*INPUT DATA*.
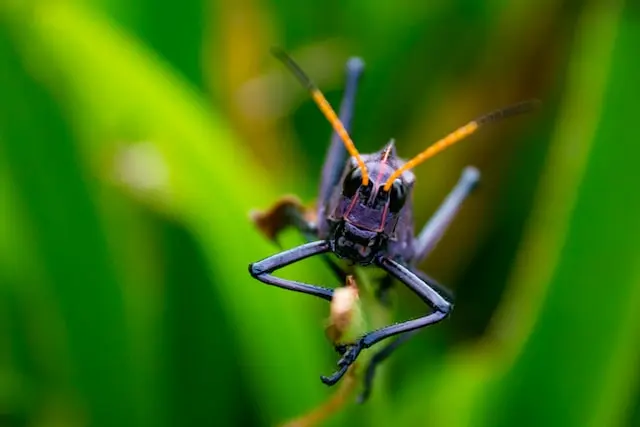 Picture of a locust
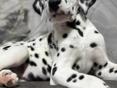 Щенки Далматинца !!!!!!!!!!!!!!!!!!!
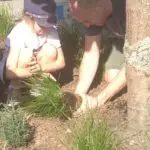 Mairangi Community Planting Day Real Estate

*TASK DESCRIPTION*.
Print all of the material exactly. Omit pictures.

*REPLY*.
 Picture of a locust
 Щенки Далматинца !!!!!!!!!!!!!!!!!!!
 Mairangi Community Planting Day Real Estate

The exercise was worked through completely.